--- START ---

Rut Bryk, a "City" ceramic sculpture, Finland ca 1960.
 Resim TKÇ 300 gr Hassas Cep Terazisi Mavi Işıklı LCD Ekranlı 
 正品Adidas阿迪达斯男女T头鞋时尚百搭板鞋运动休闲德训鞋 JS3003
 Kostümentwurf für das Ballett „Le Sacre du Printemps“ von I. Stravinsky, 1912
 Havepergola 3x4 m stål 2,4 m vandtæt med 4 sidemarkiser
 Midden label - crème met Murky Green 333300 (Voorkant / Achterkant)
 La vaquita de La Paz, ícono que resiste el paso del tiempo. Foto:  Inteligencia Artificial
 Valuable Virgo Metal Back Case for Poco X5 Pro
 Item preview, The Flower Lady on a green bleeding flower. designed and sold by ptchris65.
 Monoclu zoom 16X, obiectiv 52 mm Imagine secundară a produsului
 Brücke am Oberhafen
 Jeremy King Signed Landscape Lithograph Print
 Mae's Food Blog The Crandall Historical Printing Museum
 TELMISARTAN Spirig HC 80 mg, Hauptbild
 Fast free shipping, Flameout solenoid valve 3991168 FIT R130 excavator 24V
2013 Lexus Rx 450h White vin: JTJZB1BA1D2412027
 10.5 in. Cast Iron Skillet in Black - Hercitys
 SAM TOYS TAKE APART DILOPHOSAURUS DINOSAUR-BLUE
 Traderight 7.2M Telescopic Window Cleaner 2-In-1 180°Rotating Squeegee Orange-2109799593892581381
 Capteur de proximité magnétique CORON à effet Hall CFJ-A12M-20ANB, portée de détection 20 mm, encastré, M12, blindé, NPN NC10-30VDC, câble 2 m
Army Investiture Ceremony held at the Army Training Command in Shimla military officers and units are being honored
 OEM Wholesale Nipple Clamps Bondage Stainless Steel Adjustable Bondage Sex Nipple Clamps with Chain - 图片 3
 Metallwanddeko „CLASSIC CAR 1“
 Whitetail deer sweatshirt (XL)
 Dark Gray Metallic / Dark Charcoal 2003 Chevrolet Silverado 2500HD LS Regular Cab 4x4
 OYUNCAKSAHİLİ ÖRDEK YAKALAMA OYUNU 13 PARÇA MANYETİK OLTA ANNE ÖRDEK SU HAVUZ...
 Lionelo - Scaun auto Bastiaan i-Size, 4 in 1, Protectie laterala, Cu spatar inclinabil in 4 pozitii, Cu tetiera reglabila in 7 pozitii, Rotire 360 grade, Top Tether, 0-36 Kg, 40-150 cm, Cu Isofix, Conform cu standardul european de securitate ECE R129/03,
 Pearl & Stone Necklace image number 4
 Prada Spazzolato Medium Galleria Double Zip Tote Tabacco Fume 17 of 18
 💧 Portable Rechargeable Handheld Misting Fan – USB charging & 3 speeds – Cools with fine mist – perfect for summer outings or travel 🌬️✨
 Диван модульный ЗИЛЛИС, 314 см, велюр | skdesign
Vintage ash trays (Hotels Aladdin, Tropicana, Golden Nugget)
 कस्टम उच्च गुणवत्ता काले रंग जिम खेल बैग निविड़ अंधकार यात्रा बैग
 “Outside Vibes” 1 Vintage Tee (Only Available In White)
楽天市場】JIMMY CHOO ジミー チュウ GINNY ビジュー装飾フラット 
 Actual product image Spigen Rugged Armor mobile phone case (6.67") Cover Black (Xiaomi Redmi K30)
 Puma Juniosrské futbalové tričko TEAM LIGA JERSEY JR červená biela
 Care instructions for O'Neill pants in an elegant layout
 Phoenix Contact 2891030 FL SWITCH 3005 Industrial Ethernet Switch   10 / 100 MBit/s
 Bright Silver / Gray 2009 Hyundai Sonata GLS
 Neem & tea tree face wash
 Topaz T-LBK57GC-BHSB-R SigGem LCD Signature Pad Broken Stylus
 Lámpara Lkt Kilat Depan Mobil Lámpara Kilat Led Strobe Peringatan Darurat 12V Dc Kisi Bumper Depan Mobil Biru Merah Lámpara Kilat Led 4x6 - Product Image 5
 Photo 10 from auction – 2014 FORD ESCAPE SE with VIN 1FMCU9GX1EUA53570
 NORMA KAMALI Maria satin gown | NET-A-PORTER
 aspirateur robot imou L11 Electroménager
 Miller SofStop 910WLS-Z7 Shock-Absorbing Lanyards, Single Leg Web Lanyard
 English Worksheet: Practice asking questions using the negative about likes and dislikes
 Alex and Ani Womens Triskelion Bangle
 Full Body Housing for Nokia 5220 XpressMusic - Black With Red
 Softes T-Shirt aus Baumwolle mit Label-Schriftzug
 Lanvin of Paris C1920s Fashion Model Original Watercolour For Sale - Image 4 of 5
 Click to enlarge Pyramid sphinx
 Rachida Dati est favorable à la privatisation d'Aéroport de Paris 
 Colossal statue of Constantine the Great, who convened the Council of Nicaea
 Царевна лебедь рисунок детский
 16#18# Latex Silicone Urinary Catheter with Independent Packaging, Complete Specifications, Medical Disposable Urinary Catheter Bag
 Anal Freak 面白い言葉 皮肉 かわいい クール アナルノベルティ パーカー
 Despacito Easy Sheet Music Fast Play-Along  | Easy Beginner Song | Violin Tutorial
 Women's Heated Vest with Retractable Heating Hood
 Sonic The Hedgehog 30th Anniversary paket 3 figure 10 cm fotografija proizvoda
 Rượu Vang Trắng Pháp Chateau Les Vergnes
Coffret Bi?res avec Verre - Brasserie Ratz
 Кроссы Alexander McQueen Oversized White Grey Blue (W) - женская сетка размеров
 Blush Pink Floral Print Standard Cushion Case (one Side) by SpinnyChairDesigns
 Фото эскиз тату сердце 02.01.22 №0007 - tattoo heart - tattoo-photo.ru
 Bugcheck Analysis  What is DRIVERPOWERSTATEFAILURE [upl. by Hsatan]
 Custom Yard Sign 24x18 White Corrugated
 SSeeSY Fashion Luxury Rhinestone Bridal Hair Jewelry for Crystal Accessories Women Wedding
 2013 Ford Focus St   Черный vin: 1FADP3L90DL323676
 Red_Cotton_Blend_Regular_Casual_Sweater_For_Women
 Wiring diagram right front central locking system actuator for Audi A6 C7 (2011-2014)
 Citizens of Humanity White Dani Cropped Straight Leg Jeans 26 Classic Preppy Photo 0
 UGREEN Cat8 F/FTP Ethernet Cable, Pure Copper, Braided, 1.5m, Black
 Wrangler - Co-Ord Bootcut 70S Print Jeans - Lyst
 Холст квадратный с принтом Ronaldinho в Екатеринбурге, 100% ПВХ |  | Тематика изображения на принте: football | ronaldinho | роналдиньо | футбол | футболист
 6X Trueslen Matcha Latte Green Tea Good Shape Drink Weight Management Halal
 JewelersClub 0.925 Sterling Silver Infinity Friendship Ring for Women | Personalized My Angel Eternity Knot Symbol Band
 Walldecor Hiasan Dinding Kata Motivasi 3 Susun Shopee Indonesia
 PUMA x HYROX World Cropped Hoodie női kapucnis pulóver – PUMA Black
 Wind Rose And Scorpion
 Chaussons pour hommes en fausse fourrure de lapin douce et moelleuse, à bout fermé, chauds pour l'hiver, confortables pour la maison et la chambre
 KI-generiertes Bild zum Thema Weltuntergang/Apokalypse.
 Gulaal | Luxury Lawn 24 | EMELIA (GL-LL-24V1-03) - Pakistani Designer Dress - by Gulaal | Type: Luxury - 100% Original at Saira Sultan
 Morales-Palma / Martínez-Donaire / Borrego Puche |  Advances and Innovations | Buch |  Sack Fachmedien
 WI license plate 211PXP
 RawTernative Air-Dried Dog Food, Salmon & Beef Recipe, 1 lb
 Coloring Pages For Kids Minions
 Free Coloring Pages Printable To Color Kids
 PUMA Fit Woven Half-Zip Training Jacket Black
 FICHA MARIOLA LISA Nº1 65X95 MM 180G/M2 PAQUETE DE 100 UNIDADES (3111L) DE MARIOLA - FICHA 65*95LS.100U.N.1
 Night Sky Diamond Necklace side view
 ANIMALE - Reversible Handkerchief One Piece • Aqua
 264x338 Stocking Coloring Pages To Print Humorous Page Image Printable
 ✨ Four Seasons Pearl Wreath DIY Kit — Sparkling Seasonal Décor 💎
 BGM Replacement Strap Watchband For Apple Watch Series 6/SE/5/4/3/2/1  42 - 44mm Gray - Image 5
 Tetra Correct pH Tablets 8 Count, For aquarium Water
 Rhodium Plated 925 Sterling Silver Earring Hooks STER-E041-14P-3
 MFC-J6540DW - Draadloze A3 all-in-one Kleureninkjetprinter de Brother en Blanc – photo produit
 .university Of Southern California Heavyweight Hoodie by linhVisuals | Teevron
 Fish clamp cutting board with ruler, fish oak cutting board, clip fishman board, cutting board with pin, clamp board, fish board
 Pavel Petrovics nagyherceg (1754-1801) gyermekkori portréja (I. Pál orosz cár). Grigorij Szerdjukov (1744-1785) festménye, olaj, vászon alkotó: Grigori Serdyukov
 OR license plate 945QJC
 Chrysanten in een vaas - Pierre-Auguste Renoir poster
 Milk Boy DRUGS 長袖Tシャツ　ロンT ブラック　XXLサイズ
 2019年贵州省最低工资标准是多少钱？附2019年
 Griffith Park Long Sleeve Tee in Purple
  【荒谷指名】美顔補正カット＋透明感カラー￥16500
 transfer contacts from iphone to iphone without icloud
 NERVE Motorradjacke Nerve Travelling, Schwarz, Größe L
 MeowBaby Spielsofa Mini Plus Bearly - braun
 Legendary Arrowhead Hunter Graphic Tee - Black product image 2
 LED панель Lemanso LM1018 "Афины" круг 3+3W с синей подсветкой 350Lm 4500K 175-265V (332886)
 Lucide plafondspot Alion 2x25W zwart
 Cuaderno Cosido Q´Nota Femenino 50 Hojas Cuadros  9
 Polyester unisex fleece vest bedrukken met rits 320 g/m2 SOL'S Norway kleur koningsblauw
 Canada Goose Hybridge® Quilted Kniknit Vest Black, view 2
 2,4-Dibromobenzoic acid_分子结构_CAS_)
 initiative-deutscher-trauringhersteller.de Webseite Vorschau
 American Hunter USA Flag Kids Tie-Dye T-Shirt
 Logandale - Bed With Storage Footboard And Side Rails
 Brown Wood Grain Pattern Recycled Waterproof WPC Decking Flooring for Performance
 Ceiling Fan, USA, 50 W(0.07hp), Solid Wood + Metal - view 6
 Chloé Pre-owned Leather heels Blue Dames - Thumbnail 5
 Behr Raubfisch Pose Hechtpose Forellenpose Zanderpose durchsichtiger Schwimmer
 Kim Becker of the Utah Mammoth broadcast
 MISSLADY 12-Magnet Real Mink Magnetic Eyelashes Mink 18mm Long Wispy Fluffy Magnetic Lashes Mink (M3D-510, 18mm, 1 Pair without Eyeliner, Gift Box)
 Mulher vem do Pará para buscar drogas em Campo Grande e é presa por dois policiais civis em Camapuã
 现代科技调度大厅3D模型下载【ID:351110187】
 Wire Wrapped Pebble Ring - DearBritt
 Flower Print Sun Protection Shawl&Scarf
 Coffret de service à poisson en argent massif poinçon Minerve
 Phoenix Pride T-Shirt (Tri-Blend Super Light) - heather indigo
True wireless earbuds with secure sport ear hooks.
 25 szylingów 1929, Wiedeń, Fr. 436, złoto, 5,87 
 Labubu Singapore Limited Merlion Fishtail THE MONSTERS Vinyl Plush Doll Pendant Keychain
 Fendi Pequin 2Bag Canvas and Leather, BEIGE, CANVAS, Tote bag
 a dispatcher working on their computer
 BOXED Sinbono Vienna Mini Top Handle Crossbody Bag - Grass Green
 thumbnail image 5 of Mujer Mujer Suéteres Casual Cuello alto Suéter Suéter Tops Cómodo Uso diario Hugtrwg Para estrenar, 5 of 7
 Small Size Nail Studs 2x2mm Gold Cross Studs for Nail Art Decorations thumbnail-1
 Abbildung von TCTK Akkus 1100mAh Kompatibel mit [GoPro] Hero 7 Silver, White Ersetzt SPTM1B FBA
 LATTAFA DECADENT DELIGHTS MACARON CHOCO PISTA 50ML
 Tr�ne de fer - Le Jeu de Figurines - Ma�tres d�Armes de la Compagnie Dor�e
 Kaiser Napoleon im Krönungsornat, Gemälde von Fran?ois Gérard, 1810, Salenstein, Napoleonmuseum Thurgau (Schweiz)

--- END ---

Everything above from the line containing "Alex and Ani Womens Triskelion Bangle" down to the line containing "2013 Ford Focus" should be copied exactly, both end lines included, and nothing else.

## Your solution
 Alex and Ani Womens Triskelion Bangle
 Full Body Housing for Nokia 5220 XpressMusic - Black With Red
 Softes T-Shirt aus Baumwolle mit Label-Schriftzug
 Lanvin of Paris C1920s Fashion Model Original Watercolour For Sale - Image 4 of 5
 Click to enlarge Pyramid sphinx
 Rachida Dati est favorable à la privatisation d'Aéroport de Paris 
 Colossal statue of Constantine the Great, who convened the Council of Nicaea
 Царевна лебедь рисунок детский
 16#18# Latex Silicone Urinary Catheter with Independent Packaging, Complete Specifications, Medical Disposable Urinary Catheter Bag
 Anal Freak 面白い言葉 皮肉 かわいい クール アナルノベルティ パーカー
 Despacito Easy Sheet Music Fast Play-Along  | Easy Beginner Song | Violin Tutorial
 Women's Heated Vest with Retractable Heating Hood
 Sonic The Hedgehog 30th Anniversary paket 3 figure 10 cm fotografija proizvoda
 Rượu Vang Trắng Pháp Chateau Les Vergnes
Coffret Bi?res avec Verre - Brasserie Ratz
 Кроссы Alexander McQueen Oversized White Grey Blue (W) - женская сетка размеров
 Blush Pink Floral Print Standard Cushion Case (one Side) by SpinnyChairDesigns
 Фото эскиз тату сердце 02.01.22 №0007 - tattoo heart - tattoo-photo.ru
 Bugcheck Analysis  What is DRIVERPOWERSTATEFAILURE [upl. by Hsatan]
 Custom Yard Sign 24x18 White Corrugated
 SSeeSY Fashion Luxury Rhinestone Bridal Hair Jewelry for Crystal Accessories Women Wedding
 2013 Ford Focus St   Черный vin: 1FADP3L90DL323676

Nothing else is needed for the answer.